Abgesehen vom gesundheitlichen Risiko, dem Jugendliche und ihre Angehörigen hierbei ausgesetzt werden, folgt diese Entscheidung auf wochenlanges Home Schooling, das für die Schüler*innen sehr unterschiedlich ausgefallen ist. Jugendliche aus ärmeren Familien, die zuhause keinen Zugang zum notwendigen Material für den Online-Unterricht haben und ihre Aufgaben nur am Handy bearbeiten können, haben nicht einmal ansatzweise das Niveau an Prüfungsvorbereitung erreichen können wie ein*e Schüler*in aus der Mittelschicht, der*die zuhause Zugang zu Laptops und eventuell auch elterlicher Unterstützung hat und im schlimmsten Fall eben Nachhilfeunterricht bekommt. Unter diesen Bedingungen sollen in den kommenden Wochen und Monaten die Abschlussprüfungen geschrieben werden.
Widerstand lohnt sich
In Irland befand sich die Schüler*innenschaft in einer ähnlichen Situation. Nach Wochen der Unsicherheit in der Isolation kündigte die irische Regierung an, dass die Leaving Certificate genannten Prüfungen wie geplant stattfinden würden. Das irische Leaving Certificate ist das Abschlusszeugnis, dass den Schüler*innen die Universitätsreife anerkennt, und ist mit dem deutschen Abitur vergleichbar.

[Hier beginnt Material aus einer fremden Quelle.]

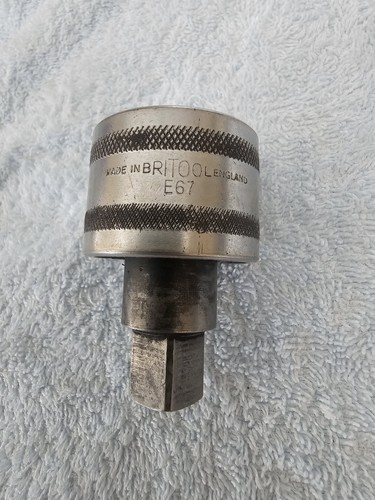 Britool ratchet adaptor - britool,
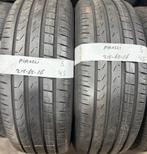 2x215-65-16 Pirelli Zomer 2x5m €45 Per Band 215 65 16, Auto-onderdelen, Banden en Velgen, Ophalen, 16 inch, Band(en), Personenwagen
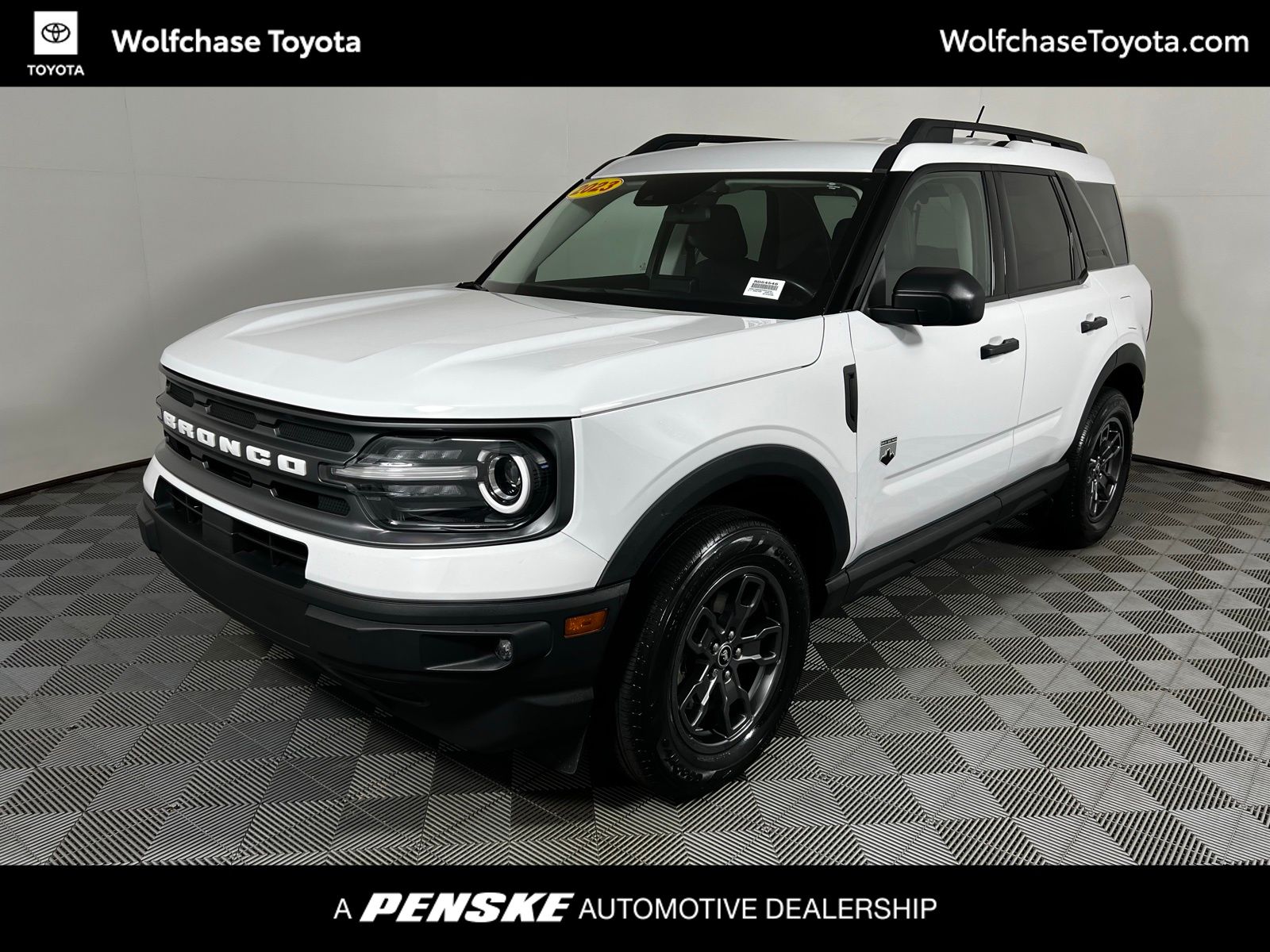 Thumbnail: 2023 Ford Bronco Sport - 1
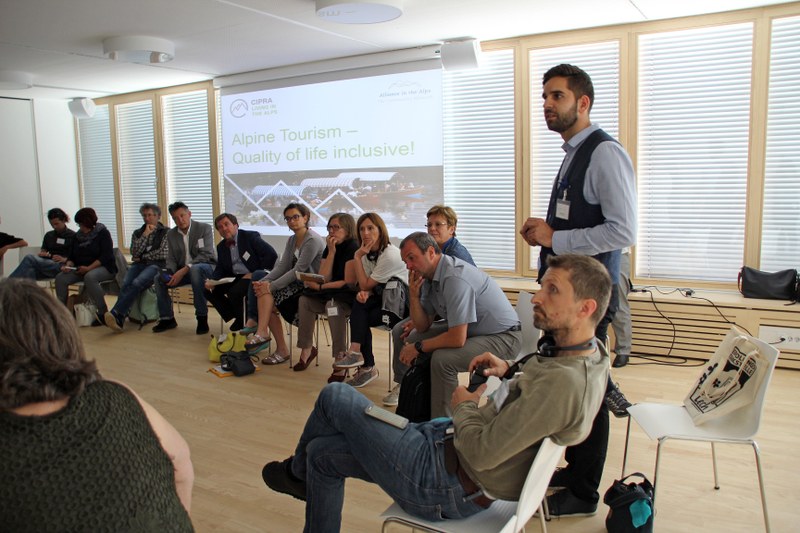 180525 Annual Conference_Workshop_Tourism of Tomorrow (c) CIPRA  (35)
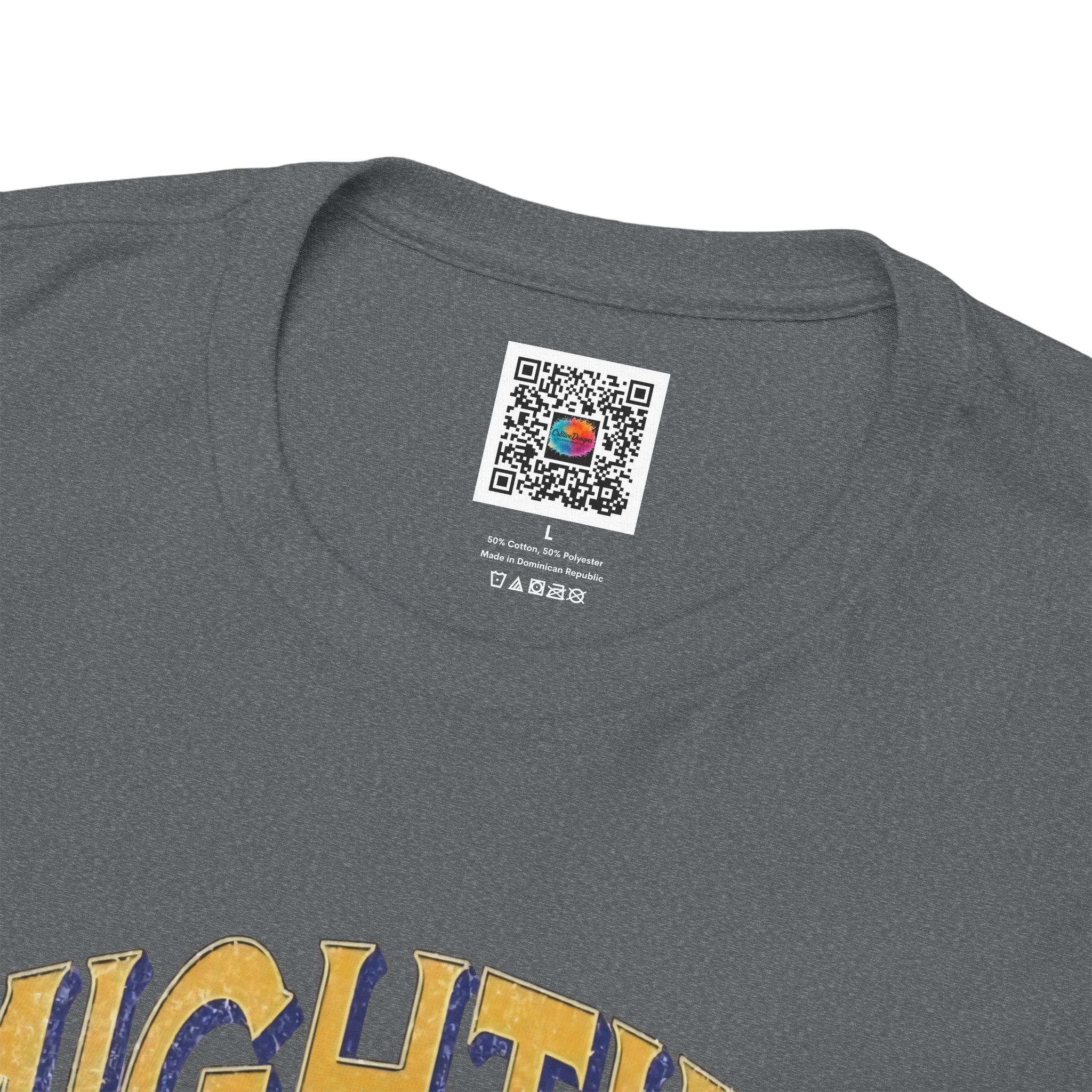 Mighter Than The Waves T-shirt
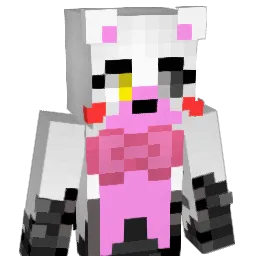Diamond_Lonnie Minecraft avatar bust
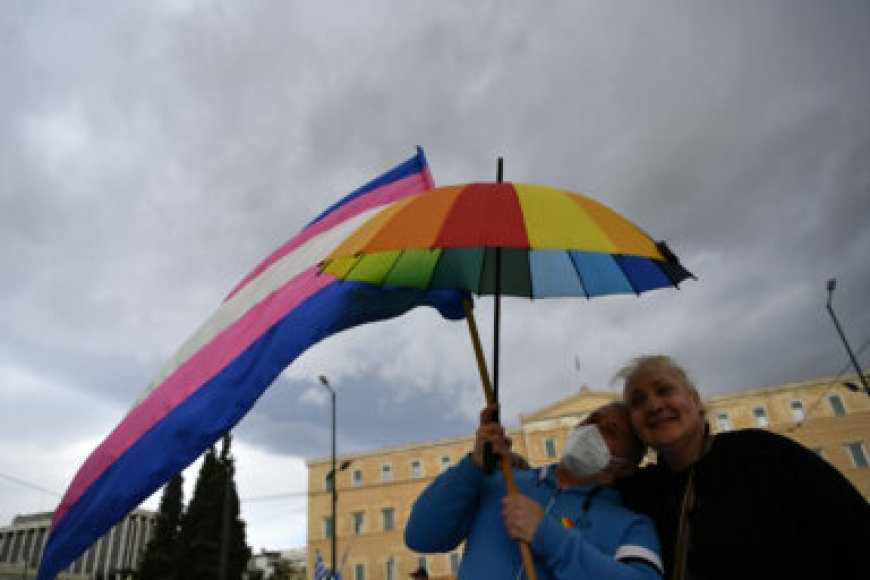 Greece becomes first Orthodox Christian country to legalize same-sex civil marriage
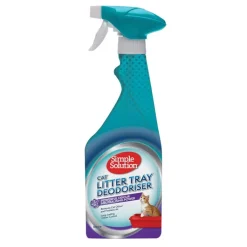 Simple Solution Litter Odour Elminator Spray 500ml Fashion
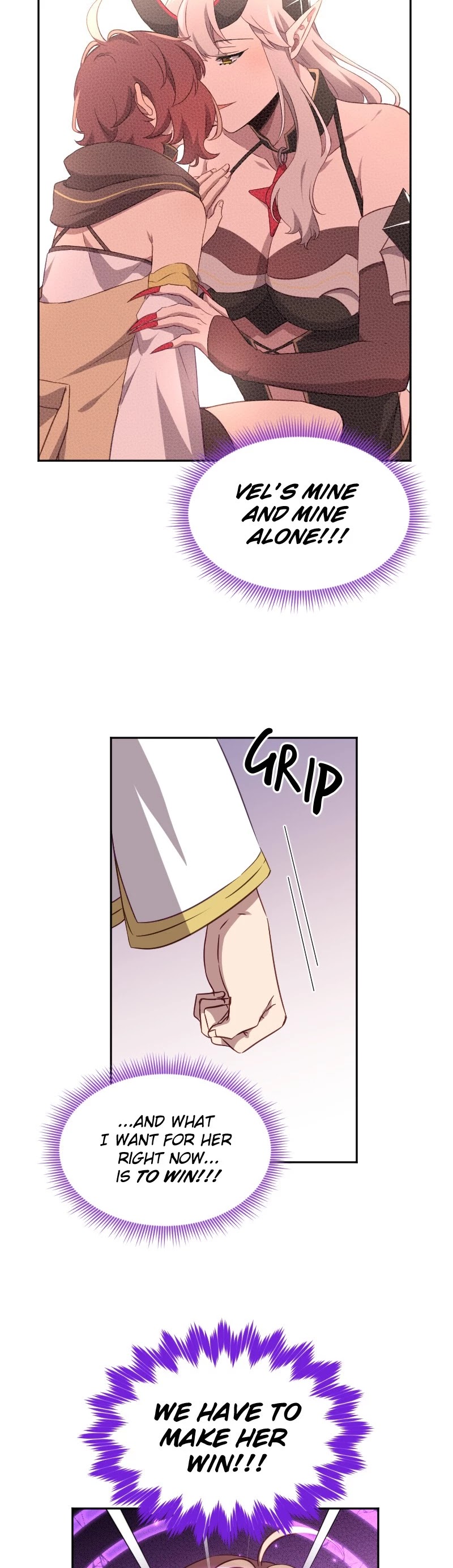 Mage & Demon Queen Chapter 158 page 12 - Chapter 158: [S3] Episode 30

Aber dann wurden die Prüfungen doch abgesagt. Offiziell weil die Planung nicht ganz mit den Sicherheitsvorschriften übereinstimmte. Im Hintergrund allerdings spielte sich noch sehr viel mehr ab: Die Eltern und Schüler*innen lehnten sich von Anfang an gegen die Entscheidung der Regierung auf, und in einer Umfrage sprachen sich 79 % der befragten 25.000 irischen Schüler*innen gegen das Stattfinden der Prüfungen aus.
Auf dieser Basis breiter Massenunzufriedenheit organisierten die Socialist Students gemeinsam mit Mick Barry, Parlamentsabgeordneter unserer Schwesterorganisation in Irland, der Socialist Party, eine „Online Protest Rally“, an der 2500 Schüler*innen teilnahmen. 1500 von ihnen erklärten sich bereit, an einer Onlinekampagne teilzunehmen, um weiterhin den Druck auf die Regierung zu verstärken. Infolge dieser ersten Onlineaktion der Kampagne fanden sich #canceltheleavingcert und #cancelthelc mehrere Stunden unter den Top-Hashtags auf Twitter. Einen Tag darauf wurden die Prüfungen offiziell abgesagt.
Der Unterschied zwischen Irland und Deutschland ist hier, dass die irischen Schüler*innen mit der Socialist Party die Durchführung der Abschlussprüfungen bekämpft haben. In Deutschland muss ein ähnlicher Kampf geführt werden, es braucht Petitionen, das Einschreiten von Schüler*innenvertretungen, Organisation der Elternschaft, Aktivitäten der Lehrer*innen und ihrer Gewerkschaft GEW, breite Vernetzung unter Abschlussschüler*innen. Als SAV unterstützen wir diesen Kampf und fordern, dass die Abschlussprüfungen abgesagt und die Abschlüsse ohne diese anerkannt werden.